Debugging And Evaluation

Evaluate classification inside the policy loop: record image frame, predicted class, confidence, pose source, admissible actions, chosen action, and whether the class changed a rollout outcome.

Perturb labels with visually similar distractors, lighting shifts, and partial occlusions, then check whether the robot changes the action for the right semantic reason.

Research Frontier

Current visual foundation models are increasingly useful as feature providers, but embodied evaluation still hinges on whether those features improve closed-loop success under perturbations. The frontier is not only stronger recognition; it is recognition whose uncertainty, timing, and geometry are usable by action policies.

What's Next

Section 27.2 takes the action-conditioned label from this section and asks what happens when the classifier must also draw a precise boundary around the object, turning a class score into a pixel mask the robot can track.

Section References

OpenCV. Camera calibration and 3D reconstruction documentation. https://docs.opencv.org/4.x/d9/d0c/group__calib3d.html

Defines the calibration and pose-estimation routines that turn pixels into metric evidence for robot action.

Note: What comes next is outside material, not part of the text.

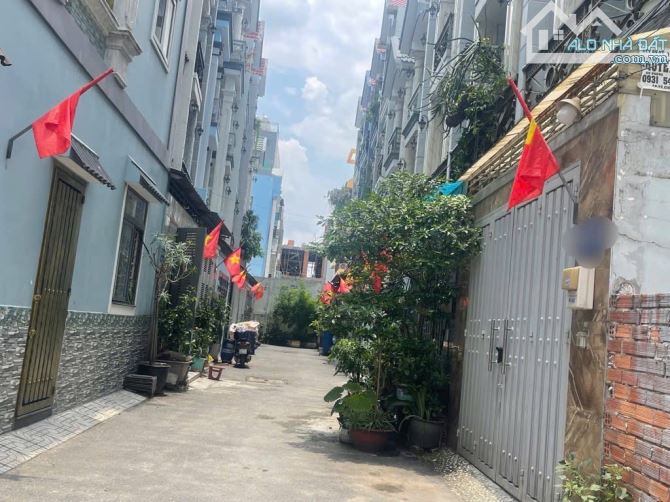 🔥Đất Thổ Cư, đường THỐNG NHẤT ph15, Q GÒ VẤP , DT 69m2 (3.6/5 x 14) hẻm  Ô Tô  💵 4,5tỷ. - 2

NVIDIA. Isaac ROS Visual SLAM documentation. https://nvidia-isaac-ros.github.io/repositories_and_packages/isaac_ros_visual_slam/index.html

Shows how visual perception becomes a real-time odometry source for navigation stacks.

Self Check

Can you name the representation, the consuming action, the uncertainty or freshness field, and the failure label for Seeing to classify vs. seeing to act? If any one is missing, the section is not yet ready for a robot replay log.

Key Takeaway

Seeing to act means optimizing an action under calibrated visual evidence, uncertainty, and safety constraints, not merely choosing the most likely class label.

Exercise 27.1.1

For a tabletop pick task, write two action candidates that a classifier alone would rank incorrectly. Add the missing frame, uncertainty, or safety-margin field that would fix the decision.